Sunday, March 27, 2011

SNAP says problem priests sent to military

Advocates for victims of clergy abuse called Thursday for an investigation into its allegations that the Catholic Church purposely funneled problem priests into the chaplain corps of the U.S. military.

Meeting with reporters outside the Downtown headquarters of the Archdiocese of Baltimore, 
Members of the Survivors Network of those Abused by Priests called for congressional hearings to determine “how frequently and why Catholic officials dumped predator priests on military bases.”

And they distributed documents that they said showed that Archbishop Edwin F. O’Brien ignored sexual misconduct by chaplains when he headed the U.S. Archdiocese for the Military Services.

O’Brien’s spokesman called the allegations absurd, groundless and unsupported.

“Archbishop O'Brien is deeply committed to protecting youth in the care of the Church,” spokesman Sean Caine said in a lengthy statement e-mailed to The Baltimore Sun in response to the group’s allegations.

“The Archbishop’s history of providing outreach to victims (he met with victims of clergy sexual abuse beginning with his first day as Archbishop of Baltimore), his removal of priests credibly accused of abuse — even if not charged criminally, and his diligence in enforcing and strengthening the policies that protect children in the Archdiocese of Baltimore, should be the measure of his approach to the scourge of sexual abuse,” Caine wrote.
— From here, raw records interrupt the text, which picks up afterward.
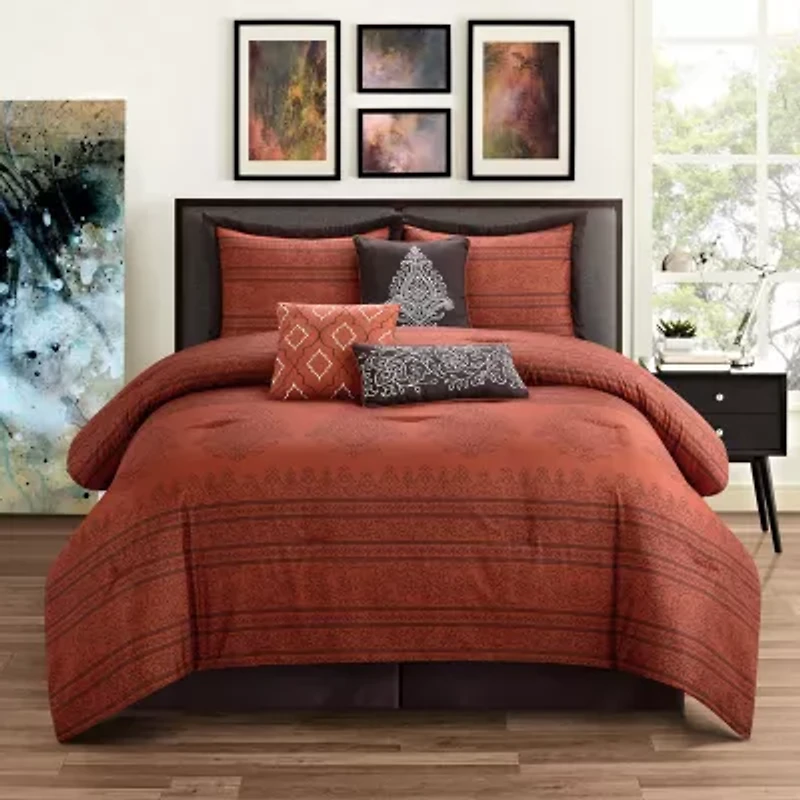 Stratford Park Linati 7-pc. Damask + Scroll Midweight Comforter Set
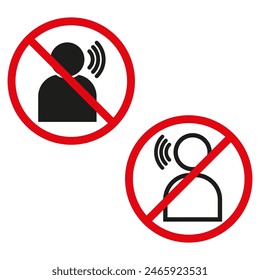 No talking allowed sign. Silent zone Vector icons. Speech prohibition symbols.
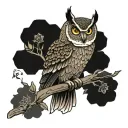 stoic owl perched on top tattoo design idea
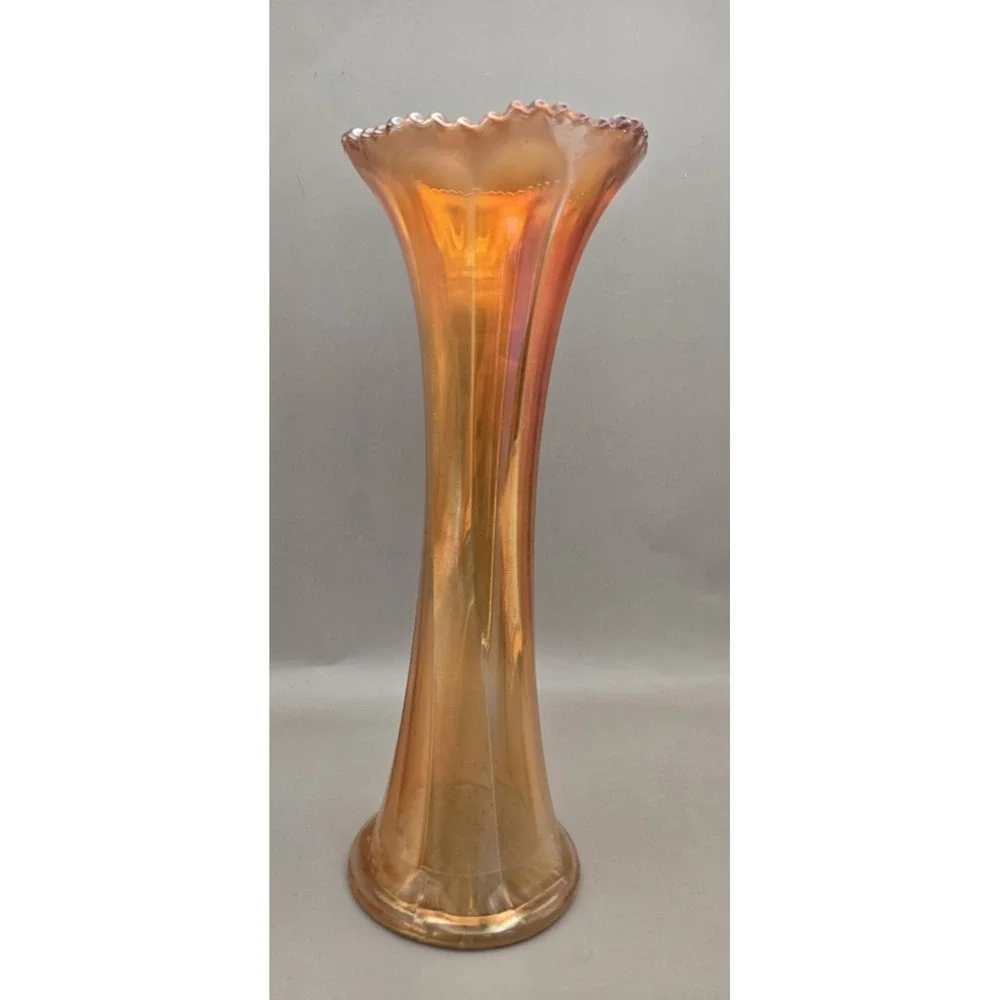 Vintage Swung Marigold Orange Iridescent Carnival Glass Vase B#33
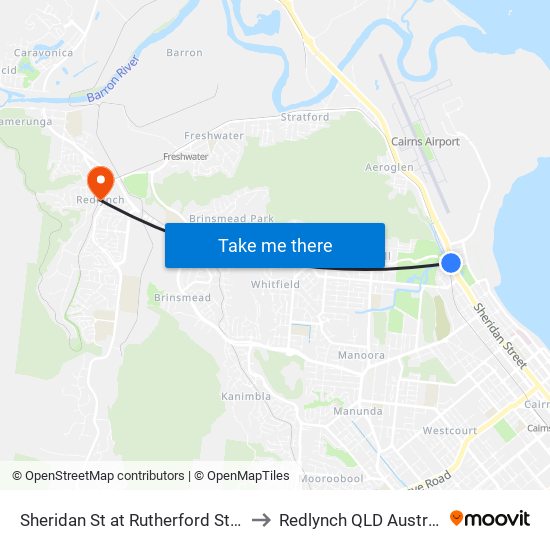 Sheridan St at Rutherford Street to Redlynch QLD Australia map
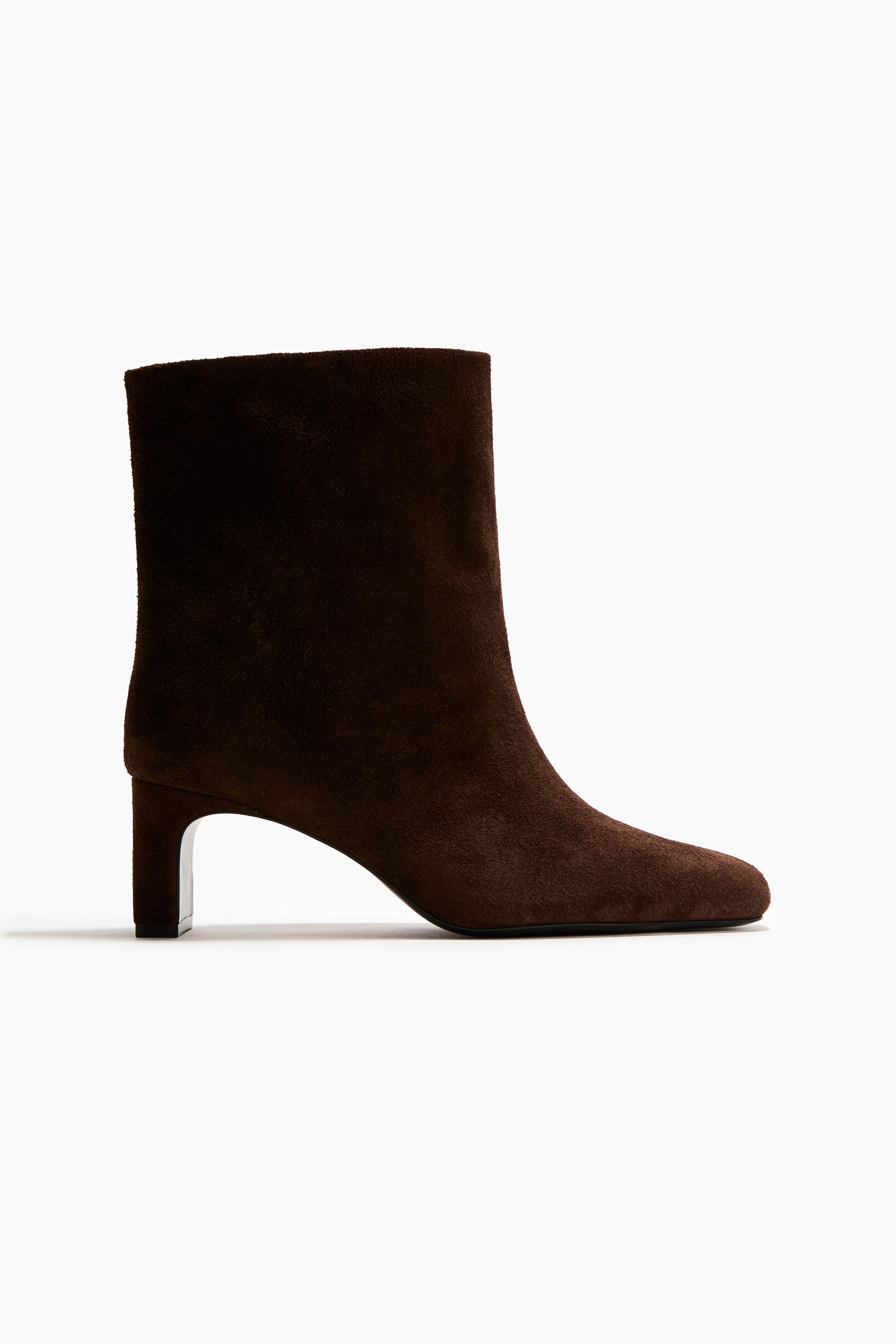 Heeled Suede Ankle Boots - Dark Brown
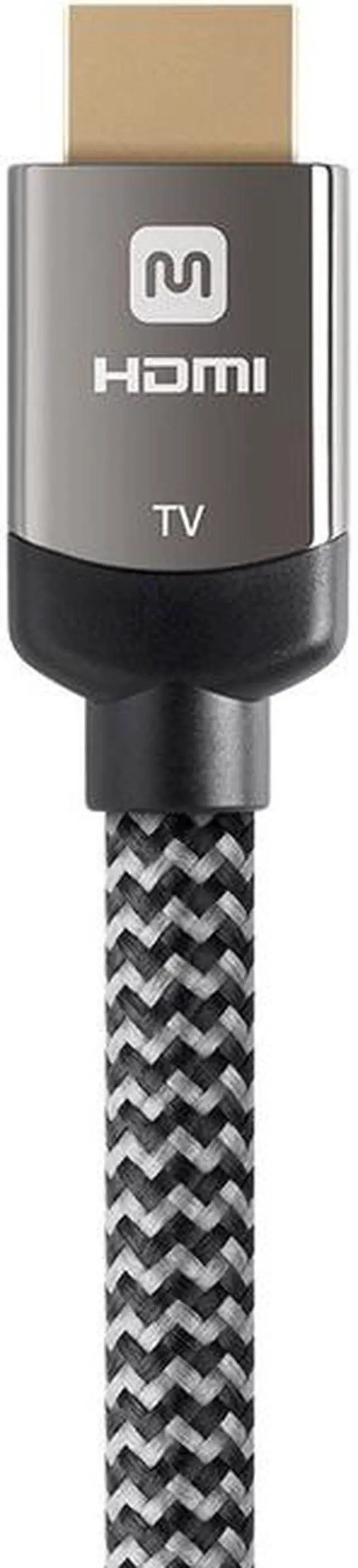 Alt view image 9 of 20 - Monoprice Braided HDMI Cable - 50 Feet - Gray | High Speed, Active Chipset, 4K@60Hz, 18Gbps, HDR, 24AWG, YUV, 4:4:4, CL3 - Luxe Series
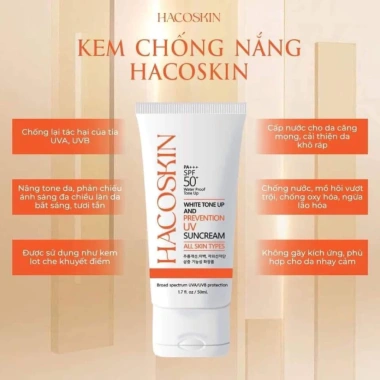 Kem chống nắng Hacoskin SPF50 PA+++ kiềm dầu 6 tiếng, an toàn, freeship, giao nhanh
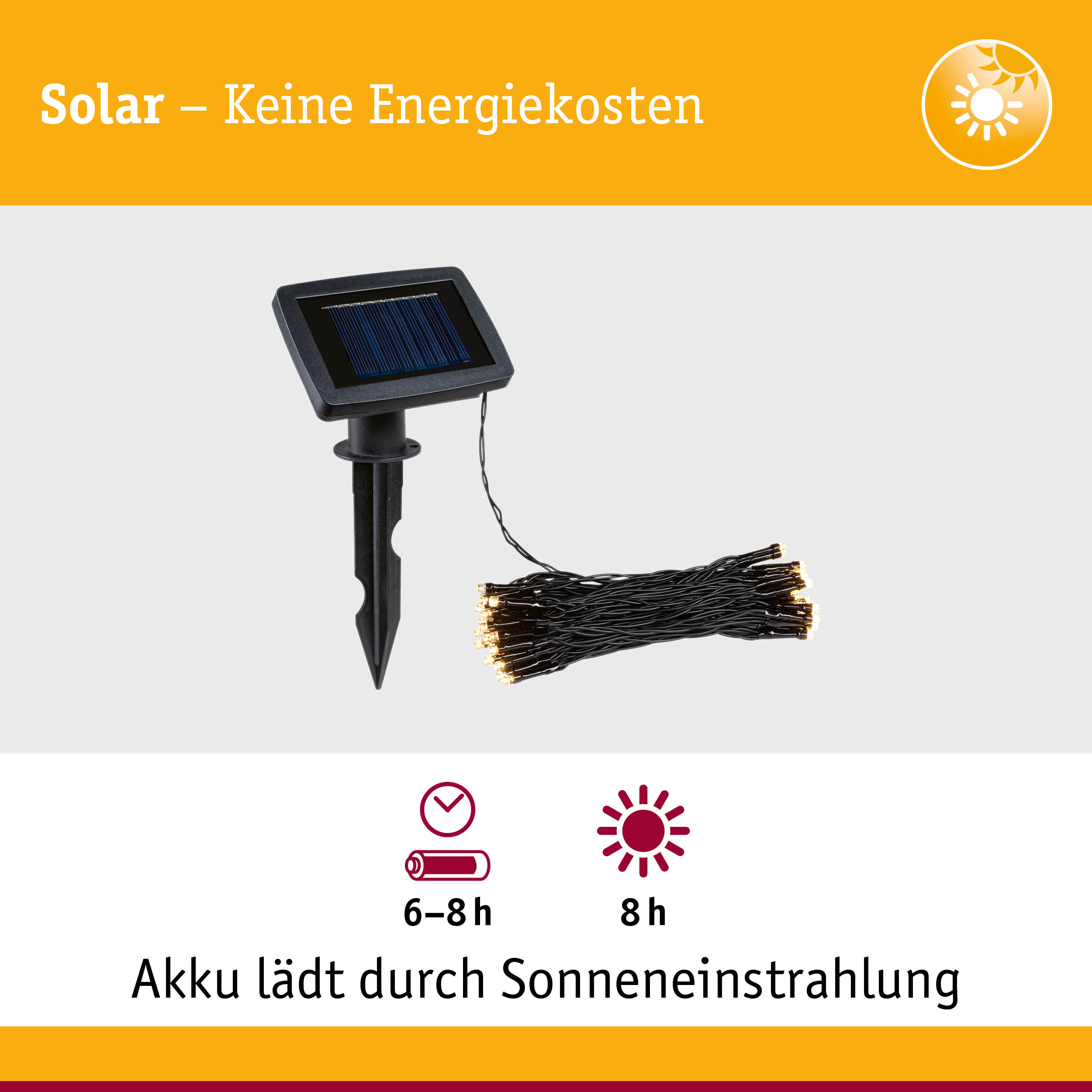 Schwarzes Solarpanel mit LED-Lichterkette und Erdspieß für energiesparende Außenbeleuchtung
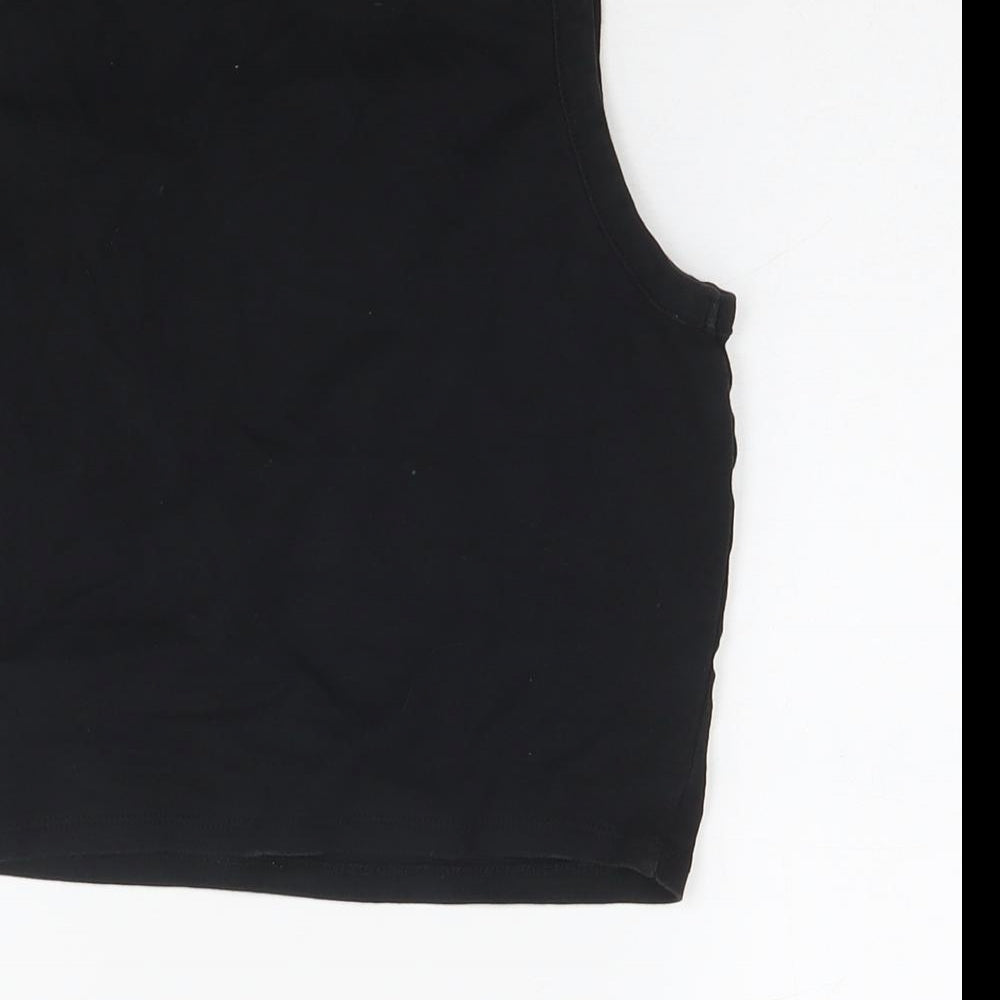 Womens UK Size 12 Boohoo Black Cropped Tank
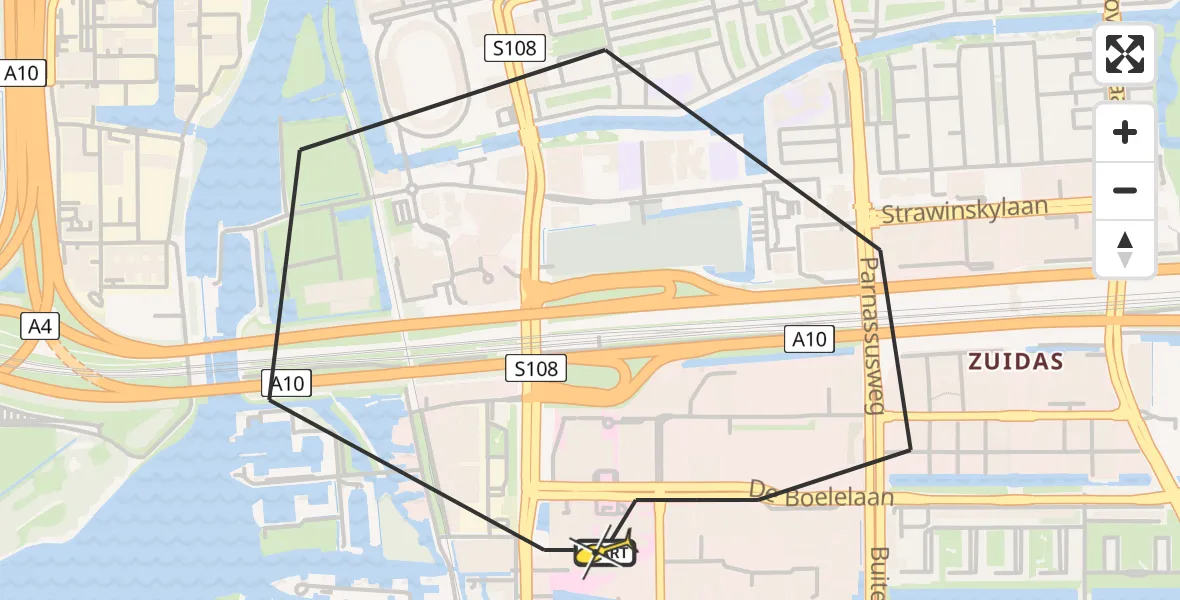 Routekaart van de vlucht: Lifeliner 1 naar VU Medisch Centrum Amsterdam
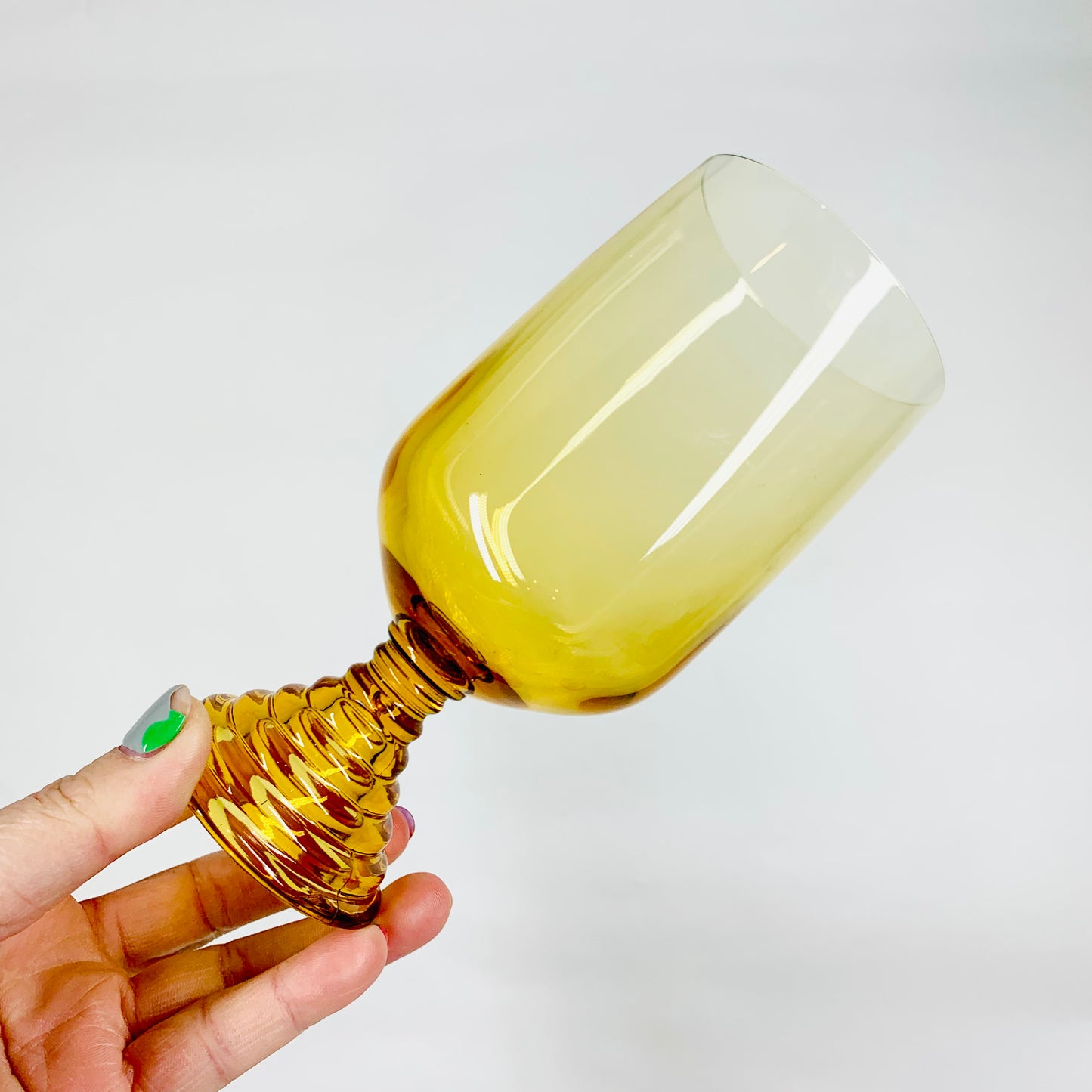 Rare MCM Japanese Soga amber Chum stem wine glasses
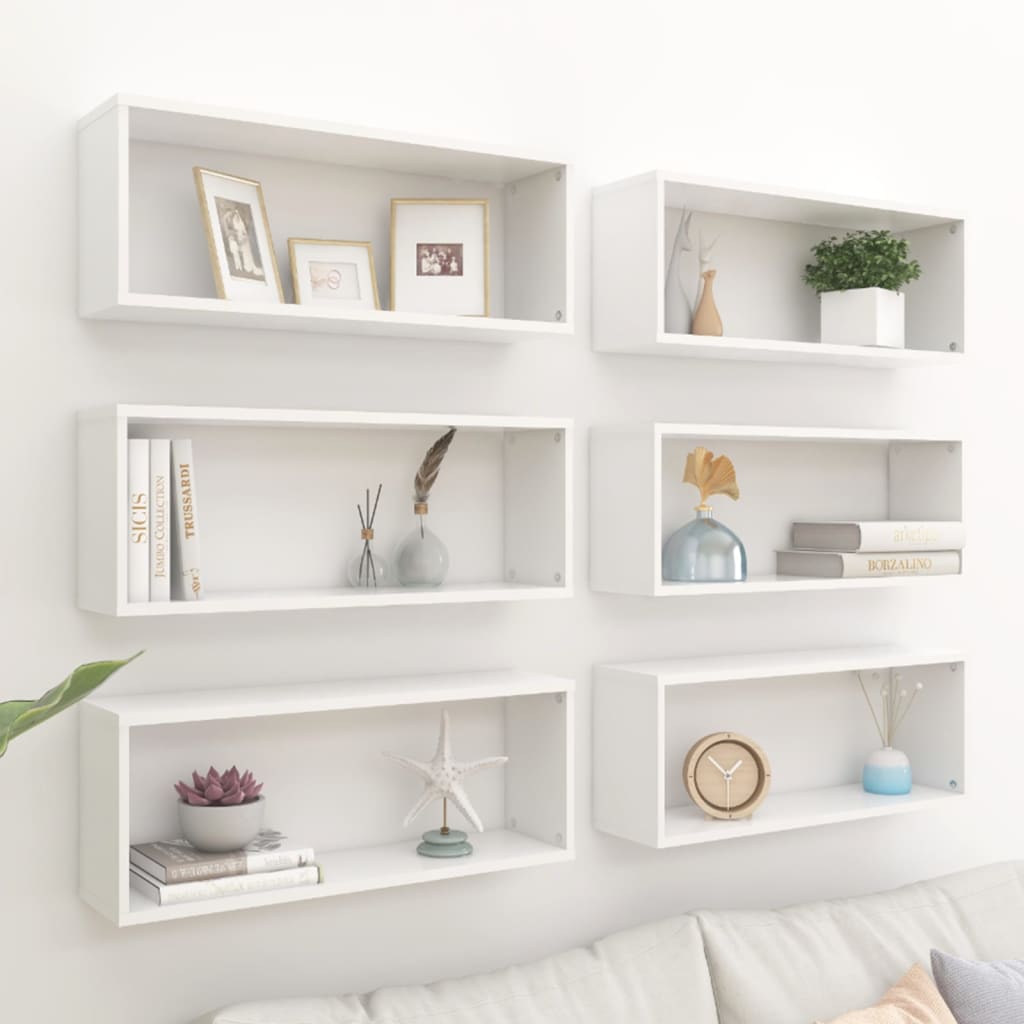 Wall Cube Shelves 6 pcs White 23.6"x5.9"x9.1" Engineered Wood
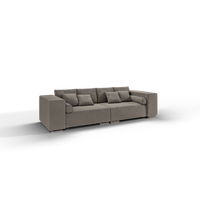 BIGSOFA Kami Microfaser Dunkelbeige - Beige/Silberfarben, Kunststoff/Textil (290/80/110cm) - S-Style Möbel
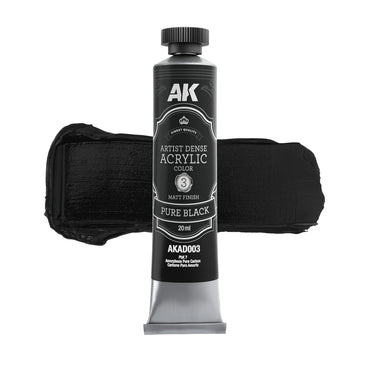AK Interactive Artist Dense Acrylics - Pure Black (20ml)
The Archdiocese for Military Services, which is based in Washington, did not return a message seeking comment Thursday.

The victims’ group, known as SNAP, released a list online Thursday of roughly 100 priests who worked as chaplains in the military or in Veterans Affairs hospitals during the past 50 years and were accused of sexual misconduct either before, during or after their service.

The names were compiled from public court, church and military records with help from BishopAccountability.org, which tracks abuse within the Catholic Church.

SNAP Maryland Director Frank Dingle said they represent a sampling of perpetrators.

The personnel files of one Boston priest on the list contain a 1987 notation that he “fools around with kids,” according to newspaper accounts, yet the man was subsequently assigned to a VA hospital in Palo Alto. Calif.

Another Boston priest who was accused of violence and sexual abuse against a preteen boy was later sent to work for the Army, according to personnel records available online.

“It’s a well-known policy,” said SNAP member Jim Moran, a retired Navy chaplain who says he was abused by a priest. “If a priest was a problem … he was sent to a hospital, to the military.”

Caine said no such policy was ever in place and that priests directed to the Military Archdiocese are screened to make sure their placements are appropriate.

“Every single accusation made against a chaplain and reported to the Military Archdiocese is investigated thoroughly,” he wrote. “Whenever a credible accusation is made against a priest-chaplain, his faculties to function as a priest are immediately revoked.”

SNAP sent letters to military leaders Thursday morning, asking them to reach out to “current and former soldiers and their families who may have been abused and encourage them to get help” and to “punish the wrong-doers to the fullest extent of the military and criminal law.”

As evidence of O’Brien’s alleged complicity, Dingle points to a 2004 statement O’Brien made before the Archdiocese for the Military Services, when he was its archbishop.

It addressed the pending release of the John Jay Study, an analysis of child sexual abuse by Catholic clergy from 1950 through 2002.

O’Brien said in the remarks that “two such cases have come forward where active duty priest chaplains have been found guilty of engaging in immoral acts with minors.”

But an Associated Press report from 2002 had already revealed that at least eight military priests were accused in civil or criminal court cases of sexual misconduct since 1977.

Dingle sees the contradiction in figures as a cover-up.

But Caine said the two accounts are “clearly discussing different things.”

“Any suggestion of a ‘cover up’ based solely on statements that were themselves made by the Church and in the public record for at least 7 years is simply absurd,” he wrote.